* Your assignment
Exclude all pictures, then copy each of the records exactly as written.

*** Dataset content ***

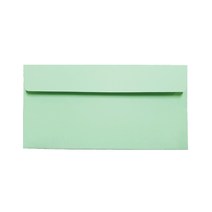 컬러색지 초대장 청첩장 리플릿 카드봉투 220 x 105 mm, 연연두색, 100개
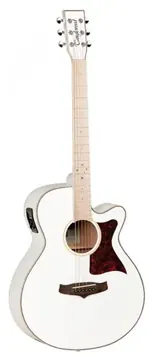 Tanglewood TW4CE BLW Super Folk Guitar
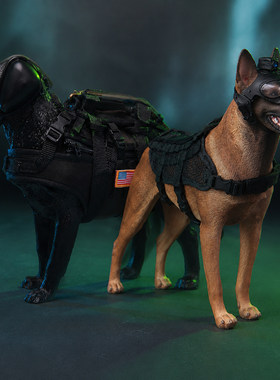 现货 MINITIMES 1/6美军海豹突击队 军犬模型 不含配件/兵人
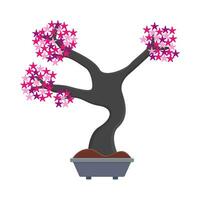 bonsai sakura flower in pot illustration vector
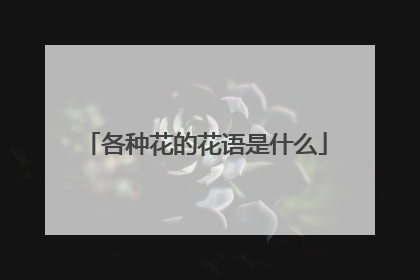 各种花的花语是什么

*** End of Dataset content ***

* Your solution
 컬러색지 초대장 청첩장 리플릿 카드봉투 220 x 105 mm, 연연두색, 100개
 Tanglewood TW4CE BLW Super Folk Guitar
 现货 MINITIMES 1/6美军海豹突击队 军犬模型 不含配件/兵人
 bonsai sakura flower in pot illustration vector
 各种花的花语是什么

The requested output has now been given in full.